_Task instructions_
Find each line of the material below in which the word "color" occurs, and return it.
The data Block Start
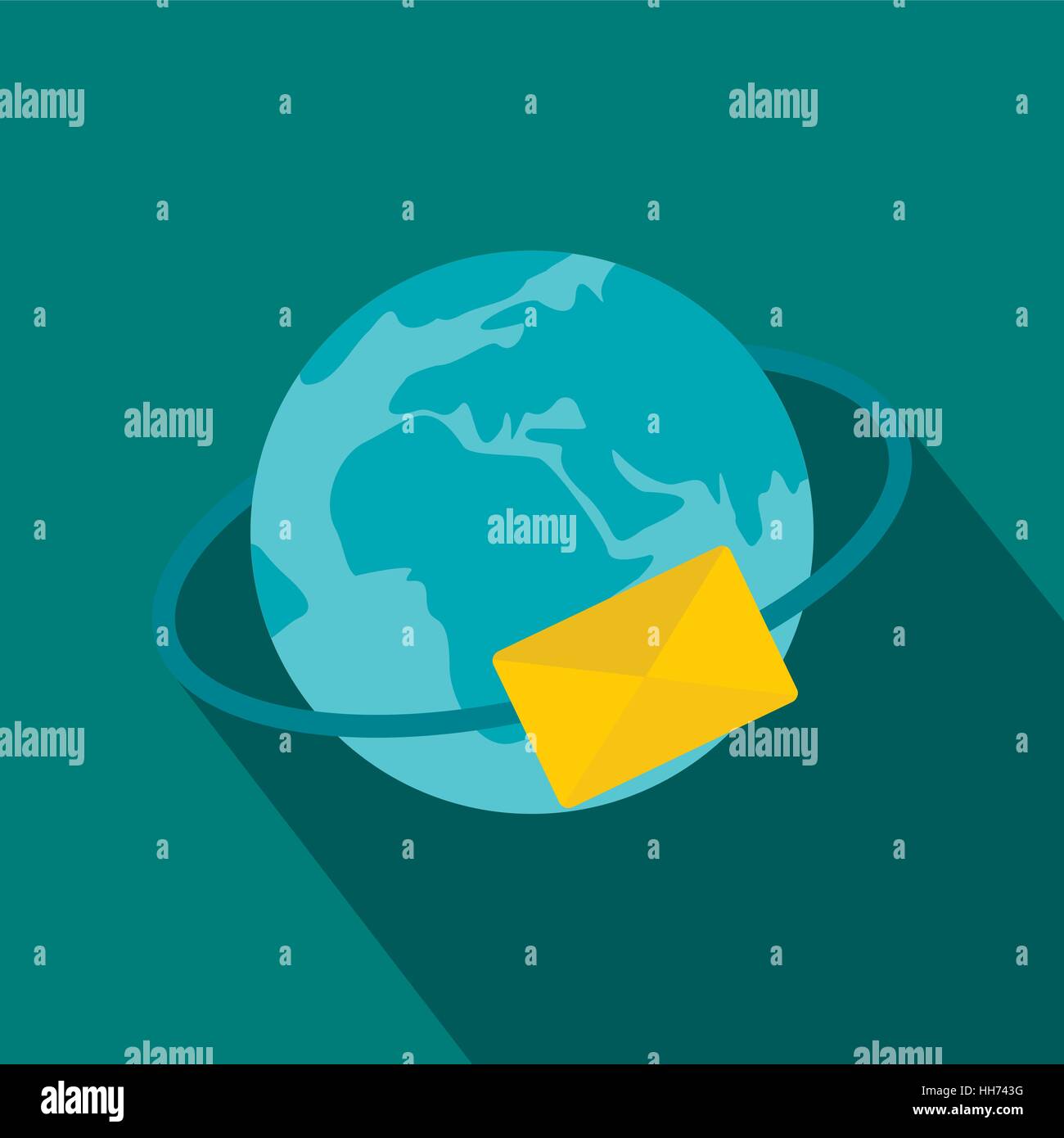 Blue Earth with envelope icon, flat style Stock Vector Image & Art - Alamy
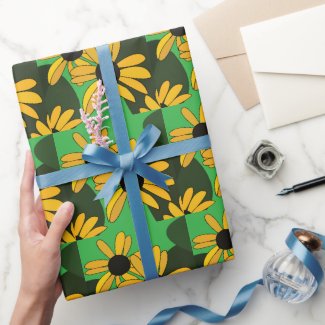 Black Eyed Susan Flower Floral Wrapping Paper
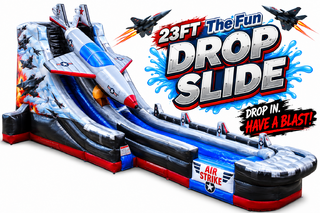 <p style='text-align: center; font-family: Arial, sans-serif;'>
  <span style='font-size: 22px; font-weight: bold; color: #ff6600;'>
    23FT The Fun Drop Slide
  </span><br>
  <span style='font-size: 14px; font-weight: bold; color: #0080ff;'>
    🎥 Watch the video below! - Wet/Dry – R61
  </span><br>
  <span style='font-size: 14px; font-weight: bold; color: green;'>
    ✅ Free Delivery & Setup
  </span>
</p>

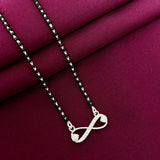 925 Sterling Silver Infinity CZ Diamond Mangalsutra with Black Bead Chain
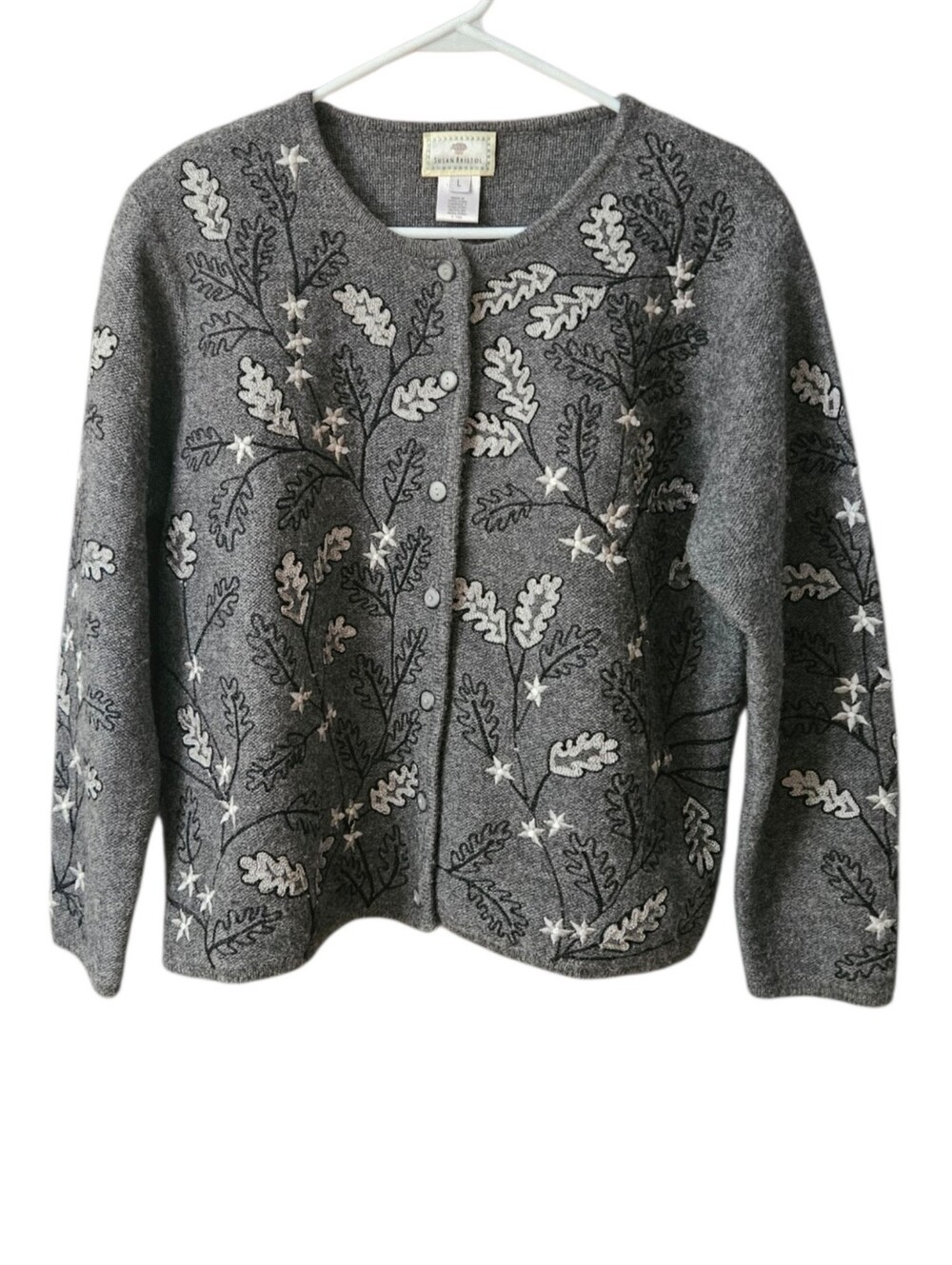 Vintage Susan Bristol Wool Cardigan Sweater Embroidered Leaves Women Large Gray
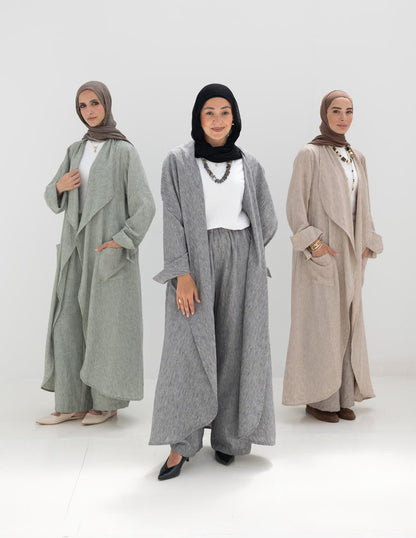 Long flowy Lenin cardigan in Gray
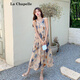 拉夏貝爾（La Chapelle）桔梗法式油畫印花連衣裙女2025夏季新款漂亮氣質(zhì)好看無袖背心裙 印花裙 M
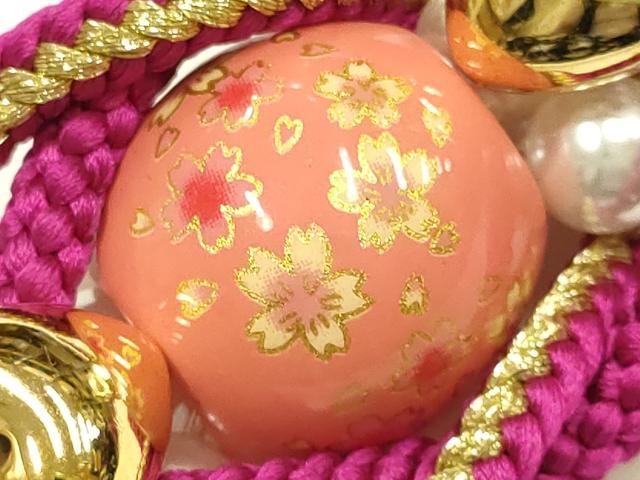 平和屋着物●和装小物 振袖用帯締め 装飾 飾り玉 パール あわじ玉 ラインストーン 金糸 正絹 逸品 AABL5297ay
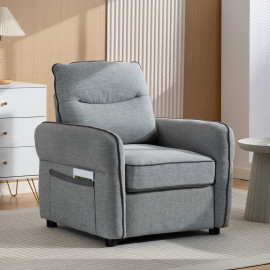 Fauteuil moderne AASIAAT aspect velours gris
The data Block End
_Response area_
  <span style='font-size: 22px; font-weight: bold; color: #ff6600;'>
  <span style='font-size: 14px; font-weight: bold; color: #0080ff;'>
  <span style='font-size: 14px; font-weight: bold; color: green;'>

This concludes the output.